NEW YORK (Reuters) - The New York Times Co. said it will get a $250 million investment from one of the world’s richest men, Mexican billionaire Carlos Slim, a move that will give the company much-needed time to clear financial hurdles.
Slim, 68, who already owns 6.9 percent of the Times’s stock, will receive warrants in the company that could give him an eventual 17 percent interest in the publisher.
That would make him one of the largest shareholders in the venerable newspaper publisher, following the Ochs-Sulzberger family that has controlled the company for more than 100 years. It is unclear what Slim’s eventual aim is with the company.
The investment comes at a critical time for The New York Times. The company, which owns the namesake newspaper as well as The Boston Globe and other local U.S. papers, is struggling to pay off more than $1.1 billion in debt in the next few years, even as advertising revenue deteriorates.
The Times has $46 million in cash, but faces a $400 million credit facility that expires in May. The company is trying to sell its stake in the holding company that controls the Boston Red Sox baseball team and might sell more properties.
Slim, the world’s second-richest man with a net worth of $60 billion, according to Forbes magazine, has not said what his eventual intention is with the Times. A spokesman on Sunday declined to answer questions, including whether Slim wants to eventually buy the Times.
The drop in advertising revenue at publishing companies has partly come from a fundamental change in the way people read news. More people are getting it online for free and dropping print subscriptions. The world financial crisis has accentuated the fall in advertising revenue and media stocks have taken a battering.
The Times’s shares have dived 70 percent from their 12-month high of $21.14 in April 2008 to $6.41 on Friday.
Times Chief Financial Officer James Follo said Slim’s interest is purely financial, echoing a statement Slim made in September when he disclosed a 6.4 percent stake.
Slim approached the Times about an investment several months ago, Follo said.
The investment illustrates how newspapers are turning to rich patrons to give them a lifeline to keep producing journalism even as their own financial fortunes wane.
It is an unusual move for the Times, which has been controlled by the Ochs-Sulzberger family since 1896 through a special class of shares. The family also owns about 20 percent of the company in publicly traded and special shares.
The Times had not allowed outsiders on its board until last year, when hedge fund Harbinger Capital Partners bought a stake about equal to that of the Sulzberger family. The fund dmanded the company give it representation and consider selling non-core properties to turn around its flagging stock price.
Under the terms of the deal, Slim will invest through his Banco Inbursa S.A., Institucion de Banca Multiple, Grupo Financiero Inbursa and Immobiliaria Carso.

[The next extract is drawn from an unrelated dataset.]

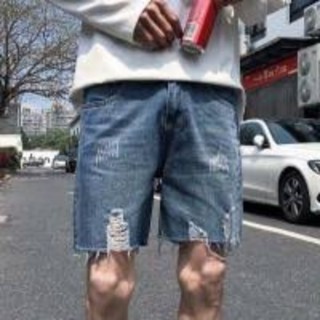 กางเกงยีนส์ขาสั้นผู้ชาย สามส่วน เหนือเข่า แต่งขาด วินเทจ ขาด…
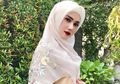 Mewahnya Dress Glamor Bertabur Manik Bebatuan Payet Mulan Jameela, Cantik Banget!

“We believe that with the strength of The New York Times brand, its national and international reach, its potential for digital expansion and most of all, its world-class news and information, the Company will continue to be a leader in the media industry,” said Arturo Elias, director of Immobiliaria Carso and son-in-law of Slim.
Slim would receive notes due in 2015 with warrants convertible into common shares, the Times said in a statement. The notes carry a 14 percent interest rate, with 11 percent paid in cash and 3 percent in accrued interest.
The warrants are for 15.9 million Class A shares with a price of about $6.35. Once converted into stock, they would give Slim a 17-percent stake in the company, in addition to the shares he owns now.
If he endorses the Times management’s way of doing business, he and the Sulzbergers could be a bulwark against dissident shareholders, allowing the company to try to reinvent itself on its own terms.
Slim wields immense political and economic power in Mexico, where he built a telecommunications empire on America Movil, the largest cell phone operator in Latin America, and Telefonos de Mexico -- or Telmex -- the largest Mexican fixed-line phone company.
While known to much of the rest of the world as a philanthropist in the past several years, he has fought charges of monopolistic practices that his detractors say were essentially sanctioned by the Mexican government.
News that Slim would invest in the Times beyond his stock stake was reported in The Wall Street Journal on Saturday.